I do not want to offend them, why did you say that. 

I need to know some things to say to them without hurting their feeling, why?

Perhaps your wife could be more helpful, but if the dog ever hurt any of your kids, you would never forget it.

I am a GSD owner, actually I now have three. But if any of my dogs is ever aggressive toward anyone, their behavior is cut off fast, and I am responsible for their reactions --- no one else.


----------



## middleofnowhere (Dec 20, 2000)

This is first and foremost something you and your spouse need to work on together. You do not want the dog around your kids, from the sound of it, you do not want to be around the dog. This is something you and your partner need to agree on first, then deal with how to tell in in laws that their dog isn't welcome.

I know it was frightening but the "bite" itself sounds a bit tentative to me. If a GSD intends to bite, you will have a puncture wound and blood on your butt, not just a bruise.


----------



## GSD bite (Jul 9, 2008)

Thanks again everyone. I am glad I have not sent my in laws some ranting email... I usually just speak my mind- and it can tend to get me in trouble. I needed some time to think this through. And it is definitely still haunting me.... 

Though the dog did not puncture my skin--- I have a very ample rear-end.... If it had been my arm, there would definitely be a puncture/open wound...







... The only reason the dog backed down, is because the owner happened to be RIGHT by the door, and came out immediately when she heard the nasty growling.... The dog let go of me when she called her off. Like I said, it all happened very quickly.

But, still, just the image in my head of that snarling dog lunging at me.... I can't seem to shake it. I guess it is bugging me out. Especially since I am such a dog-person! I know how to 'act' around dogs.... (Another story, for another time, but I myself am the prior owner of an aggressive-incurable-rescue-dog, who was euthanized...So I know what it's all about. That was before I had human babies of my own, and I still recognized it was a lawsuit waiting to happen, after he lunged at and bit a disabled man.)

I just wish they would accept that their dog needs help.

I will not say anything to the inlaws for now. I have discussed it with my hubby. He and I both agree we will stay away from their dog. We will not visit their home, and they are no longer welcome to bring their dog into ours. It sucks- because we really enjoy their company.

For the record, I did not make any eye contact with the dog. I simply extended my hand after glancing in her direction.... But I see now that was a mistake. Too little, too late.

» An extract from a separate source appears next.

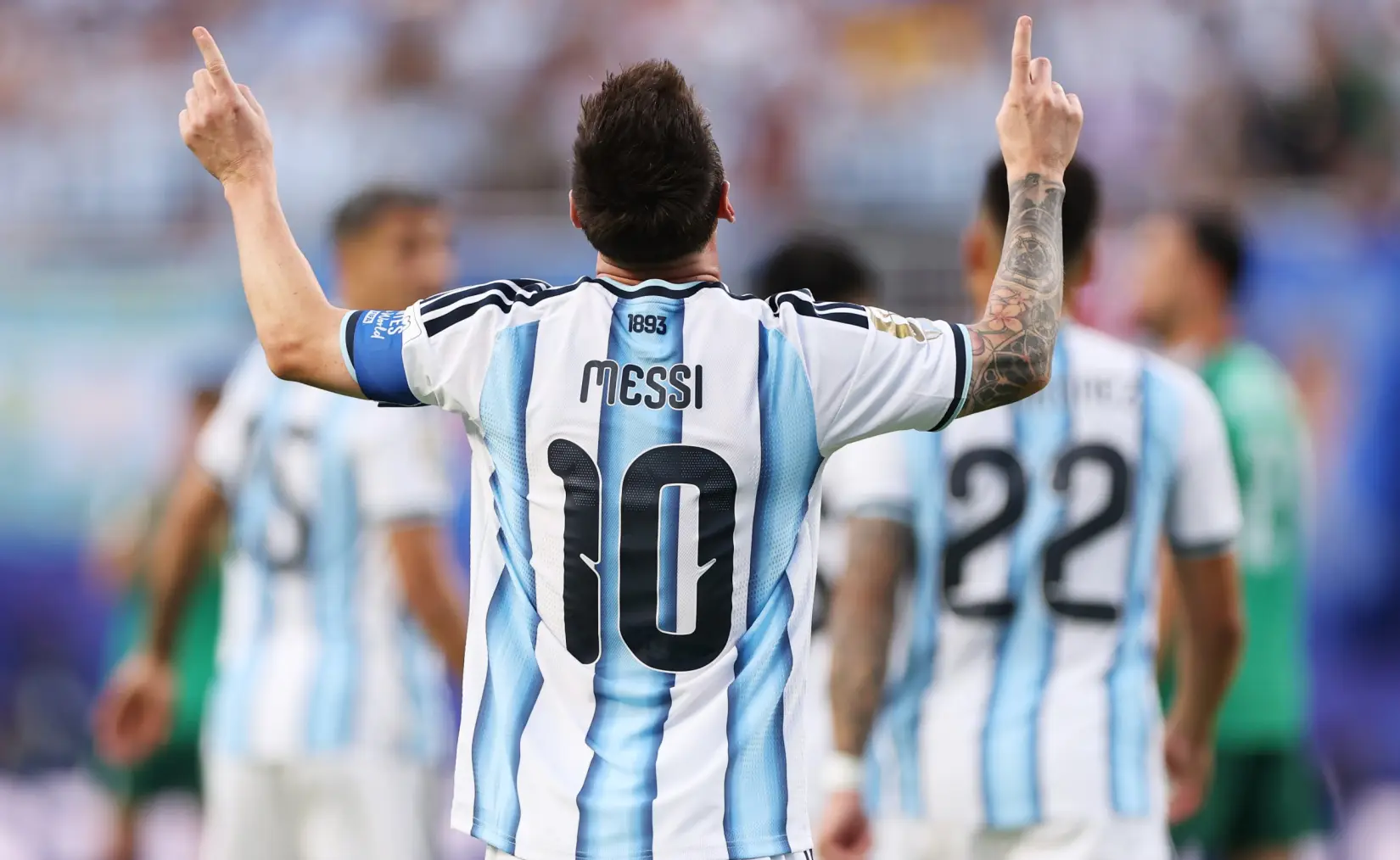 La gestión del tiempo y la vigencia: ¿Por qué nos hace llorar el hat-trick de un Messi de casi 39 años?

On another note: The inlaws were always trying to tell my (then 2 year old) daughter... "Just don't touch her head..." etc etc. Laying down 'rules' of how she should or should not behave around their pet. Sorry But kids do not understand rules like that- especially when our own family dog pretty much lets her lay all over her any time she wants to. I have tried explaining to my child, "never approach a strange dog" ... or if she tries to say hi to a dog we do not know, I tell her why she cannot do that. But to say that she cannot touch a dog on the head, that her own grandma is encouraging her to touch... (experimenting with).... it is nutty to me.

In any case- no dog has ever reacted to me like that, and I do know for sure the dog has had several prior incidents under her belt (not necessarily biting, but several snarling, charging, lunging episodes, that did not escalate, simply because the owners were right there with her).

But just try to imagine being the person who is lunged/charged or snarled at by such an animal. It is truly frightening! I was most definitely scared. And dogs smell fear- so what if? What if the owner had not been there IMMEDIATELY? I hate to think. Again, I am just thankful it was me, and not my child. I really fear what might have been if it had been her and not me.

But all is well.... except for the future relationship issues with my inlaws









Thx again for the advice and for the couch-talk- time....


----------



## GSDOwner2008 (Jan 19, 2008)

Believe me, I know exactly how scary it is to be charged by an angry, aggressive, snarling dog, it's the worst thing, and thankfully my old American line GSD was there and protected me until I could get us both safely away from that dog. You are comepletely in the right in preventing that dog from being around your kids, or even you and your husband for that matter. Some people might disagree with me on this, but some people aren't meant to have GSD's or other dogs of the sort. This stage of denial your inlaws are going through could cause plenty more incidents, which could cause a lawsuit, and/or have the dog put to sleep. The sad thing is, is that this dog could be rehabilitated if in the right hands. Express to your inlaws your concerns, and how this is not just a concern for yourself and your family, but a concern for them as well. If you do that, they should see that you're trying to reach out and protect them and the dog.


----------



## Timber1 (May 19, 2007)

Youir response and comments speak for themselves. In my case, with Timber, I was on the other end. He attacked a person who suprised us at night. I was taking him from his cage, about ready to lease him and this guy walks by. Timber takes off and grabs him by the rear. I was upset with myself, felt bad for the guy, and have tried to correct this situation.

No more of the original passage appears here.